The Linked Data Challenge

A week ago I issued a challenge to Linked Data developers – using a Linked Data service, such as DBpedia, tell me which town or city in the UK has the largest proportion of students. I’m pleased to say that a developer, Alejandra Garcia Rojas, has responded to my challenge and provided an answer. But this post isn’t about the answer but rather the development processes, the limitations of the approach and the issues which the challenge has raised. The post concludes with a revised challenge for Linked Data (and other) developers.

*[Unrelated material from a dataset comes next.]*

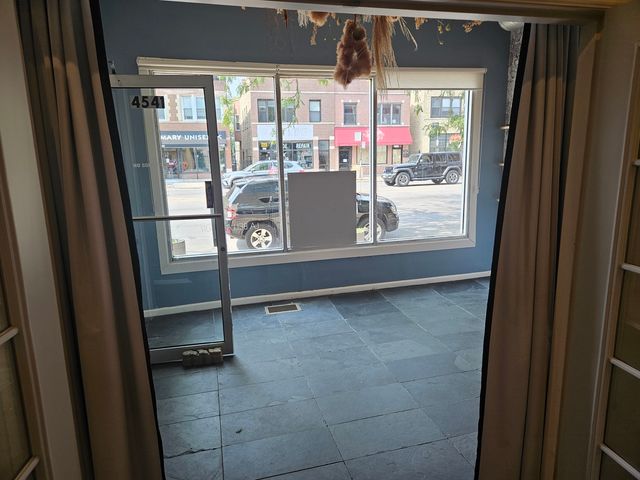 4541 N Western Avenue, Chicago, IL 60625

The Motivation For The Challenge

Before revealing the answer I should explain why I posed this challenge. I can recall Tim Berners-Lee introducing the Semantic Web at a WWW conference  many years ago – looking at my trip reports it was the WWW 7 conference held in Brisbane in 1998. My report links to the slides Tim Berners-Lee used in his presentation in which he encouraged the Web development community to engage with the Semantic Web. I was particularly interested in his slide in which he outlined some of the user problems which the Semantic Web would address:

  • Can Joe access the party photos?
  • Who are all the people who can?
  • Is there a green car for sale for around $15000 in Queensland?
  • Did someone driving a blue car send us an invoice for over $10000?
  • What was the average temperature in 1997 in Brisbane?
  • Please fill in my tax form!

I was interested if 12 years on, such types of questions can be answered using what is now referred to as Linked Data. And as we have a large resource, DBpedia, which provides Linked Data for use by developers I felt it would be useful to use an existing resource (which is based on the structured content held in Wikipedia) to experiment with. I was particularly interested in the following three questions:

  • How easy would it be for an experienced Linked Data developer to write code which would provide an answer? Would it be 10 lines of code which could be written in 10 minutes, a million lines of code which would take a large team years to write or somewhere in between?
  • Is the Linked Data content held in DBpedia of sufficient consistency and quality to allow an answer to be provided within the need for intensive data cleansing?
  • What additional issues might the experiences gained in this challenge raise?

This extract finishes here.